• TASK DESCRIPTION:
Report each line of the entries that includes "Sleeve" by copying it.

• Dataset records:
>>>>>

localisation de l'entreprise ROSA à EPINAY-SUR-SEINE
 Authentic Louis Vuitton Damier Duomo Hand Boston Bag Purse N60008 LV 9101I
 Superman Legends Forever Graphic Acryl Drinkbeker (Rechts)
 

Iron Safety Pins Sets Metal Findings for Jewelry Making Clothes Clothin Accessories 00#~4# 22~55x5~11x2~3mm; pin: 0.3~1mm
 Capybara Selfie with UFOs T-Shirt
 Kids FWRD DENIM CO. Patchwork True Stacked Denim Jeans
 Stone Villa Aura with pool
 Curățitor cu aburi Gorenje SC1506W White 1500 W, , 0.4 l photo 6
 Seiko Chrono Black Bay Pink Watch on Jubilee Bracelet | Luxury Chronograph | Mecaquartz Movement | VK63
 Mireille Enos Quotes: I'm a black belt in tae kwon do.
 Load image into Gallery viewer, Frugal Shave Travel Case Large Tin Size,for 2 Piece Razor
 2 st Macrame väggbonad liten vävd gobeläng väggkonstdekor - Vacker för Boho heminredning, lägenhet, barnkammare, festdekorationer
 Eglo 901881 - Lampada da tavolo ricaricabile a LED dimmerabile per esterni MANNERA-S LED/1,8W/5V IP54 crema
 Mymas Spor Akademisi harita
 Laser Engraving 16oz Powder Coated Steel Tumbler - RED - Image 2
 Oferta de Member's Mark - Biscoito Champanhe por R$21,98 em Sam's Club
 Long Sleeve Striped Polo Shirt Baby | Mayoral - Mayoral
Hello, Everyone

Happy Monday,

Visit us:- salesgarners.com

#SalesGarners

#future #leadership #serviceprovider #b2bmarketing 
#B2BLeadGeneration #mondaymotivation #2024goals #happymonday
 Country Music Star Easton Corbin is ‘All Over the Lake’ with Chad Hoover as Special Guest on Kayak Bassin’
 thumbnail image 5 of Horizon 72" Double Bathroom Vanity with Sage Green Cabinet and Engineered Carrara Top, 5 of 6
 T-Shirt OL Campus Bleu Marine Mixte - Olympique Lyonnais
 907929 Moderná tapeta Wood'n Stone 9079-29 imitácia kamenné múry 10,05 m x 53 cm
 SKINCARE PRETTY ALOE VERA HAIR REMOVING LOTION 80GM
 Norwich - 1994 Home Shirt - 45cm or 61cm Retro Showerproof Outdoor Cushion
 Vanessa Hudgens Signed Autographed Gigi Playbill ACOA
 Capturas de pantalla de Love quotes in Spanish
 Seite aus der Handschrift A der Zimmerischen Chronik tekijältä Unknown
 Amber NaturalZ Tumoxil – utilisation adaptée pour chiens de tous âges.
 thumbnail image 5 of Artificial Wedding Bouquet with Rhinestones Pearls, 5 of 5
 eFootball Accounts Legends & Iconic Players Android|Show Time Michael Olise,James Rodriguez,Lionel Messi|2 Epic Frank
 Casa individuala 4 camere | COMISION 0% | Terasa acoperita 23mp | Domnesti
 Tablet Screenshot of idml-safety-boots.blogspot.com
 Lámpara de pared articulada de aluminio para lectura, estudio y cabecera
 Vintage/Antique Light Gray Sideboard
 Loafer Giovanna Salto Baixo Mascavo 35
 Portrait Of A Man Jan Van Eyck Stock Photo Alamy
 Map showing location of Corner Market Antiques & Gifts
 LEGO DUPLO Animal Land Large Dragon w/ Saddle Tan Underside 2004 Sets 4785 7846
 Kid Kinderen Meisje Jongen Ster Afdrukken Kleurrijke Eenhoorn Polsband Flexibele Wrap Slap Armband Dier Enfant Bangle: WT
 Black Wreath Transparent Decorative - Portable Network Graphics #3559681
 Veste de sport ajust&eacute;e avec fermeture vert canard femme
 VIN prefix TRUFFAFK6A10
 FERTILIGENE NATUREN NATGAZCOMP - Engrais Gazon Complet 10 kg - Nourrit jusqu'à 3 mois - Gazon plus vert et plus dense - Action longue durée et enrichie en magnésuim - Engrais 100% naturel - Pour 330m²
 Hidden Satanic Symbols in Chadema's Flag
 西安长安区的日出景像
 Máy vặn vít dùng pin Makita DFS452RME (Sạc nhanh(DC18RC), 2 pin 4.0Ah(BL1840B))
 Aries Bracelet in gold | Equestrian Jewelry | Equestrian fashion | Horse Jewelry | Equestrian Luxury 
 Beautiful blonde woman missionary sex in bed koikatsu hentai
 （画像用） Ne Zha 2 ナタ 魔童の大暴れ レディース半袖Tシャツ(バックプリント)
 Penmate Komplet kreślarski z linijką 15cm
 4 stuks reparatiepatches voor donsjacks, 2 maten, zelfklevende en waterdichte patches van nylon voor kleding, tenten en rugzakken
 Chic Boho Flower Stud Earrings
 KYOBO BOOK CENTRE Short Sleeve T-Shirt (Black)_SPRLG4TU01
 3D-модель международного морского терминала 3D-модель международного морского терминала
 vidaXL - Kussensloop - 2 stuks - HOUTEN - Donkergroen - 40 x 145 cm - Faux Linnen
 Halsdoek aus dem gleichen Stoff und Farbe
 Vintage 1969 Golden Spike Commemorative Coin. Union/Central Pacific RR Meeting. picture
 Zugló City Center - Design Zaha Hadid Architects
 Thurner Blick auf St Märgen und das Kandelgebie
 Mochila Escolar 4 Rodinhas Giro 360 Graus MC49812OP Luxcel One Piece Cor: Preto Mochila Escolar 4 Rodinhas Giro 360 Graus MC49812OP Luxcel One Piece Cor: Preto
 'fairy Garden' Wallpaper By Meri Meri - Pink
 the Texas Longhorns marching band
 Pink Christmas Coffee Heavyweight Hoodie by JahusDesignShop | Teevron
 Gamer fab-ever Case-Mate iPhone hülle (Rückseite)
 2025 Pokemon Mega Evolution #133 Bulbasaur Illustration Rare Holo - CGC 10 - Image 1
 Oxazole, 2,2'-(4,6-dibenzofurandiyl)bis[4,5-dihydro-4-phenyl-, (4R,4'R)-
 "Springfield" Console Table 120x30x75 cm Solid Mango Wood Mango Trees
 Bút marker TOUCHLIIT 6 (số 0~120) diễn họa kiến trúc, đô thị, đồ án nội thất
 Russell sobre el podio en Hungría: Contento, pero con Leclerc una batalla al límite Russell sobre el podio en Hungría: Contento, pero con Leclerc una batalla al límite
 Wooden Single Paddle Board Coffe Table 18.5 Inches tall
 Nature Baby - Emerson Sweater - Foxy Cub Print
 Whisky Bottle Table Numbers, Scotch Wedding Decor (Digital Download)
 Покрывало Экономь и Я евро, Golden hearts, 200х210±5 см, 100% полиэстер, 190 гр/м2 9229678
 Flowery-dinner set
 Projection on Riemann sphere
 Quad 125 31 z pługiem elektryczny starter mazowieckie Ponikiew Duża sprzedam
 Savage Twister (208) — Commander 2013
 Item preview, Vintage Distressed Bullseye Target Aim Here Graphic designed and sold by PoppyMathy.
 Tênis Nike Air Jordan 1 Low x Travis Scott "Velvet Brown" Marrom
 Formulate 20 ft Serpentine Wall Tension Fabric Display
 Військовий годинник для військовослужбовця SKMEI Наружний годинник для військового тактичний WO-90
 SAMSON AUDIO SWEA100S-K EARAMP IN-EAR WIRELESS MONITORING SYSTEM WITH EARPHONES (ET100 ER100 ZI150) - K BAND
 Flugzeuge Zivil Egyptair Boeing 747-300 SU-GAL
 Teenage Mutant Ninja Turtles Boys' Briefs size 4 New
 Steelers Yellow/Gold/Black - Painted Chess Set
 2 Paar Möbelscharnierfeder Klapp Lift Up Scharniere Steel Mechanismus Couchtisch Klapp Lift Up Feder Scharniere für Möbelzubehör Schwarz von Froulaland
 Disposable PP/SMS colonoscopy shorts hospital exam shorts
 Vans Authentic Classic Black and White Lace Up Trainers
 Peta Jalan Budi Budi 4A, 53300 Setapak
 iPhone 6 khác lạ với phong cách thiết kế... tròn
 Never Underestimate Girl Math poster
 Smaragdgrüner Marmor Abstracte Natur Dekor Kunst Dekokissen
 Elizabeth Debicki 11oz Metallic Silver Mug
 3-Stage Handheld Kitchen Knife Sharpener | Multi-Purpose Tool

<<<<<

• RESULT OF THIS TASK:
 Long Sleeve Striped Polo Shirt Baby | Mayoral - Mayoral
 KYOBO BOOK CENTRE Short Sleeve T-Shirt (Black)_SPRLG4TU01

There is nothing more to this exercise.